Well, we're talking about salt in the ocean. We're talking about pretty much the
same salt that you use in cooking: the chemical known as sodium chloride. You've
been to the beach.
You've gone swimming in the ocean. You know that the ocean is salty. What most
people don't recognize is that the concentration of salt, or what we call
salinity, varies quite a bit from one part of the ocean to another. When water
evaporates off the sea surface and goes into the atmosphere, that makes the
water saltier, because you're taking fresh water out and you're leaving more
salt behind.
As the minerals, or the salts, circulate around in the oceans, it moves heat
around. Heat that's carried by the ocean affects the atmosphere. The changes of
the atmosphere and the sea surface temperature is coupled together. It controls
climate.
We have measured sea surface temperature. We've measured winds over water, sea
level rise, color of the ocean, but yet we do not know one of the fundamental
properties that affects climate, which is the density of the concentration of
salt in the ocean.
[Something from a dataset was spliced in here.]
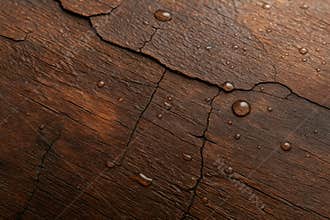 Macro view of weathered wood grain with glistening water droplets creating a textured natural surface pattern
Salinity is one of the missing parameters, never been
measured from space before.
We have no salinity samples at all from parts of the world, particularly in the
southern hemisphere, in the South Pacific and South Atlantic and Southern Indian
Ocean. So there is a big data gap.
This mission called Aquarius is one of the most exciting missions to date. It
measures how salty the ocean is from space.
As you take a pinch of salt and put it in a gallon of water, we can measure that
kind of sensitivity of salt from 408 miles above the Earth. In seven days, we'll
map the entire Earth, and go back to the same point, measuring it over and over
again. And we'll monitor over time how the changes and variability are. By
having salinity information from space, we'll provide this missing link and make
better predictions on the climate change and climate model.
All the measurements that we make in the Earth sciences program within NASA are
really to better understand the climate processes that are happening now, how we
can use that information to better predict the future, so we can plan better.
Salinity is one of those measurements that we need to fill an important gap to
do that very thing. That's how it affects you and me and the person next door.